The Long Beach Police Department learned about the posts a few days later and "immediately took action," according to Chief Robert Luna.

“Our organization is dedicated to our community and we must build upon the relationships we have while continuing to develop and foster new relationships,” Luna said in a statement. "We hold our employees to the highest standards and will not ignore behavior that erodes public trust.”

Sacramento Police Department in California suspends use of carotid control hold

Photo: New York City protesters gather in Washington Square Park

Demonstrators gather at Washington Square Park, during a protest against the death in Minneapolis police custody of George Floyd, in New York City, New York, on Saturday.Eduardo Munoz / Reuters

Man seen clinging to hood of car near protest in Pensacola, Florida

A man ended up on top of a car Saturday after allegedly attempting to stop it from evading a group of protesters who were blocking a bridge in Pensacola, Florida.

Authorities say the protesters had blocked a roadway preventing vehicles from entering and exiting the Pensacola Bay Bridge. When one of the cars tried to continue onto the bridge the man stood in front of it, according to Pensacola Police.

“The protester remained in front of the vehicle and placed himself on the hood of the vehicle,” police said in a statement.

Liz Parker and Tony Corradetti were in a car on the opposite side of the bridge and captured video of the man clinging to the hood of the car as it slowly drove south.

“What we saw this morning is something you see on TV," Parker said. "It doesn’t happen in your town.” 

Police say the man was taken to the hospital but there were no known injuries. The incident was under investigation.

California police detain man exercising outside his own home

A man in Northern California says he was briefly detained by police while exercising outside his own home. 

“I said, ‘Hey, my car is parked three cars up, that is where I live,’” Mali Watkins, 44, who is black, told NBC Bay Area. “I literally asked him, I said, ‘Officer what was I doing?’ He said, ‘You were dancing.’”

Alameda City Manager Eric Levitt said there will be an independent investigation of the May 23 incident. Police released body camera footage of the encounter on Friday.

Atlanta dental hygienist says police slammed her to ground at protest

An Atlanta dental hygienist is recovering from broken bones after police allegedly slammed her to the ground as she was attempting to leave a protest, NBC affiliate 11 Alive reported.
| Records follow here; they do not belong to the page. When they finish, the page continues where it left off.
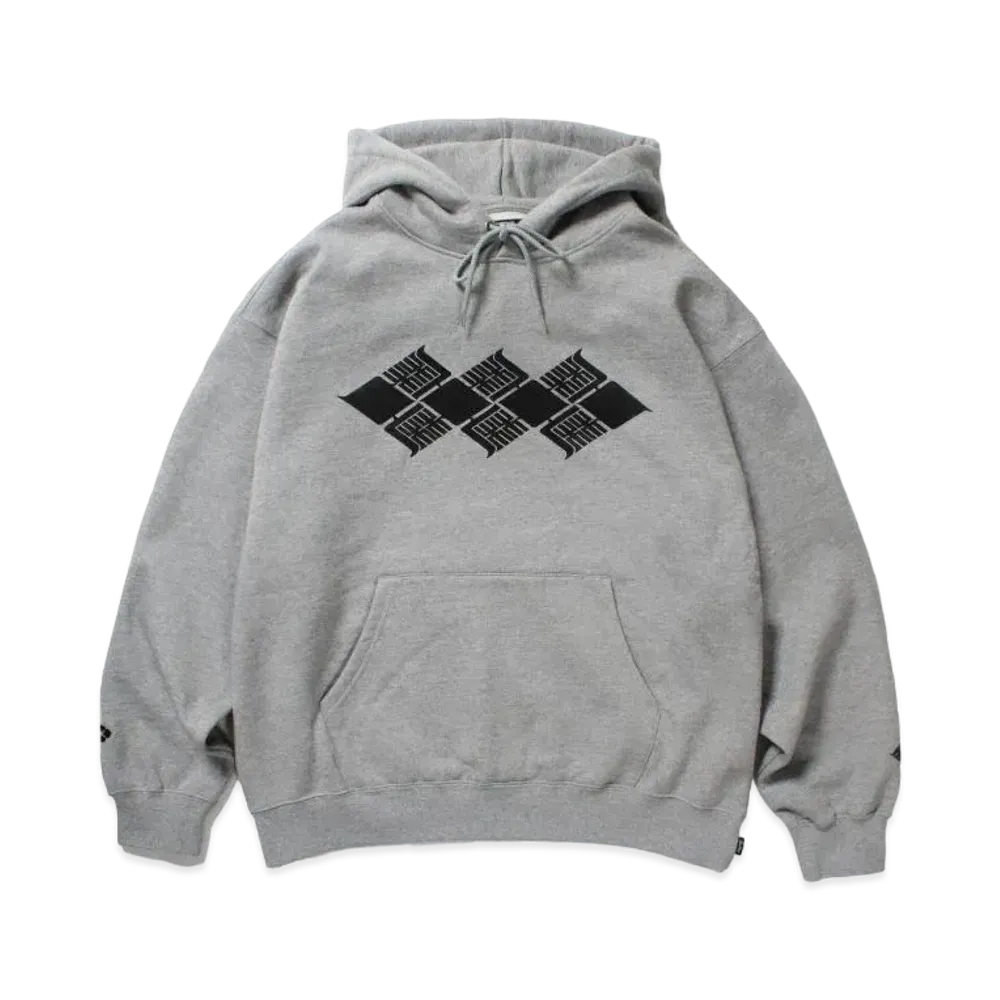 APHRODITEGANG Gakkin x Budspool Kamon Hooded Sweat Shirt "Grey"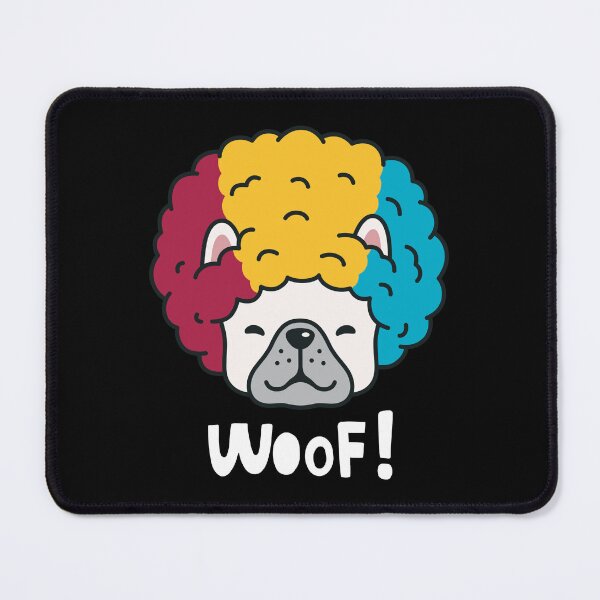 Item preview, Funny Afro Clown Dog Woof designed and sold by ModkMerch.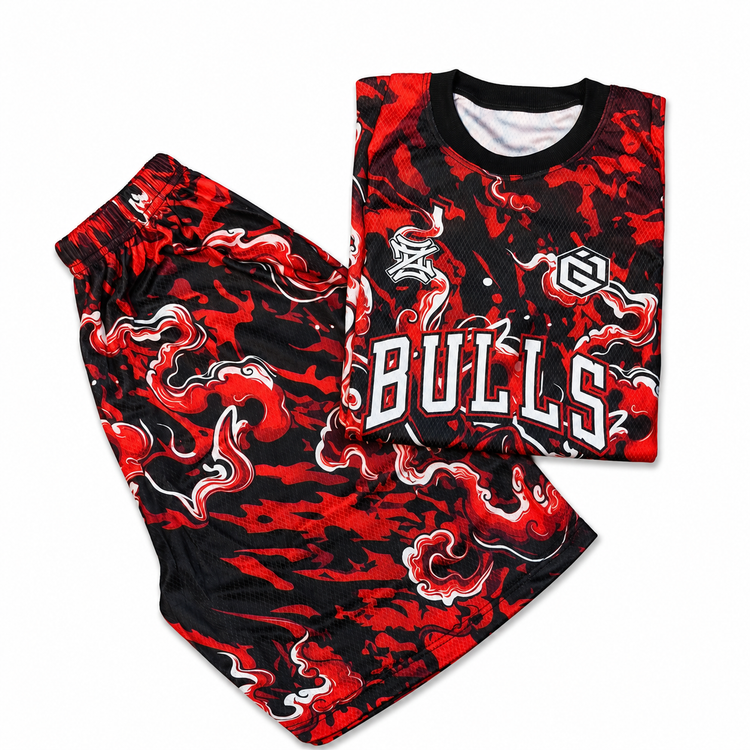 ست ورزشی بسکتبال طرح Chicago Bulls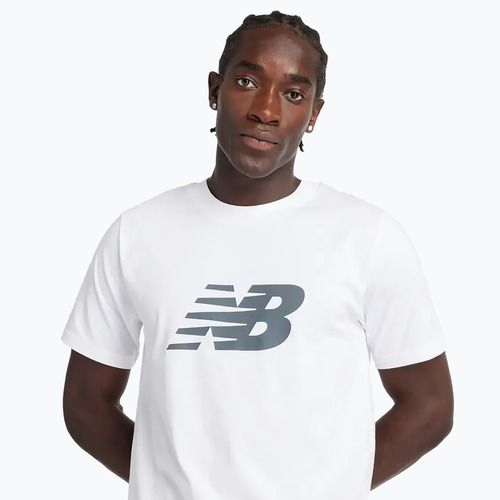 Vyriški marškinėliai New Balance Graphic V Flying balti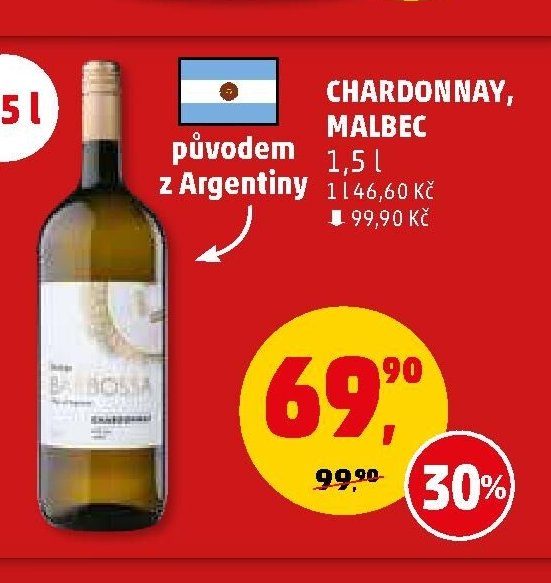 CHARDONNAY, MALBEC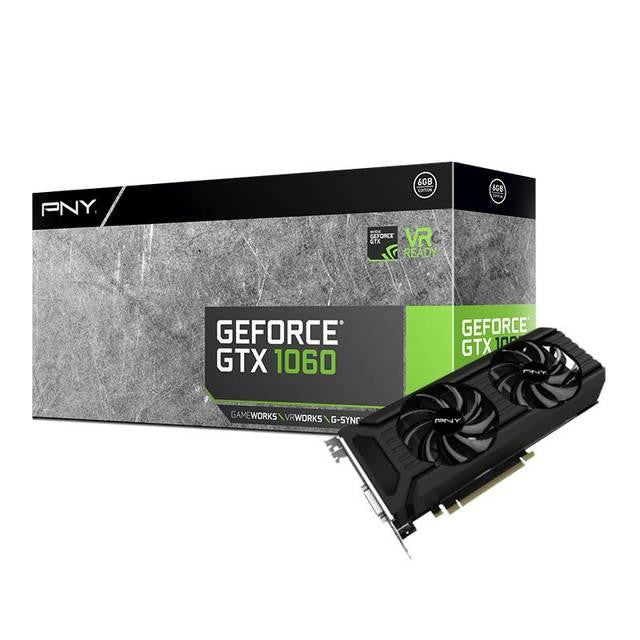 PNY NVIDIA GeForce GTX 1060 3GB GDDR5 DVI-HDMI-3DisplayPort PCI-Express Video Card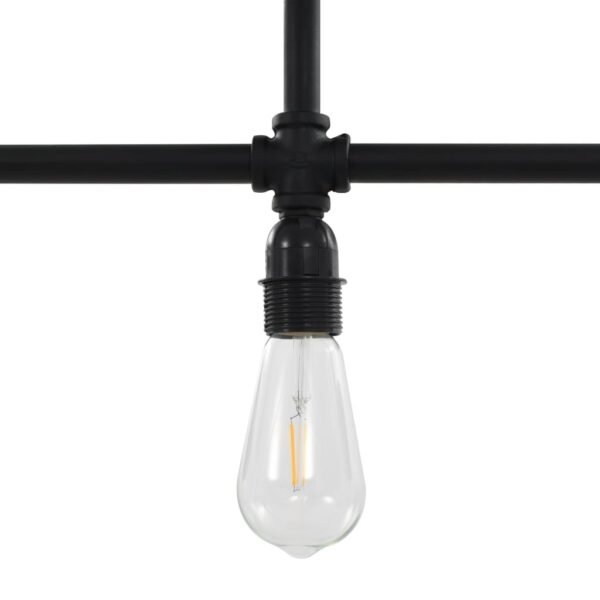 vidaXL Ceiling Lamp Black 3 x E27 Bulbs - Image 3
"The police then comes in and slams me, yanks me out of the car, and slams me down," Amber Jackson told local reporters. "My shoulder is broken. My clavicle is fractured."

A police officer was placed on administrative leave as a result of the incident, which was captured on cell phone video and widely shared on social media.

Atlanta police said Jackson refused to get out of her car when she was instructed to do so. Her lawyer said Jackson is the victim. 

"Our young people who are courageously and correctly demanding an end to police brutality are being brutalized in the street, where it is their right to protest. We need a change in police culture," attorney Mawuli Davis said in a statement.

Photo: Peaceful protesters in Washington, D.C.

Demonstrators raise their fists in a celebratory dance party of civil rights and black culture as they gather at the Black Lives Matter Plaza, near the White House, on Saturday.Jim Bourg / Reuters

Philadelphia Inquirer executive editor resigns after publishing controversial headline

Philadelphia Inquirer executive editor Stan Wischnowski announced his resignation Saturday, just days after some 40 journalists called out "sick and tired" from work following a controversial headline published in the newspaper. 

On Tuesday, the Inquirer ran a story titled "Buildings Matter, Too," which looked at the destruction of businesses across the city as some protests over the death of George Floyd turned violent. 

The headline drew immediate backlash from dozens of reporters and countless readers, who called it tone deaf at best and insulting at worst. The Inquirer issued an apology, saying the headline was "offensive, inappropriate and we should not have printed it."

"We deeply regret that we did," the statement read in part. "We also know that an apology on its own is not sufficient."

Wischnowski worked at the Inquirer for 20 years, according to the newspaper.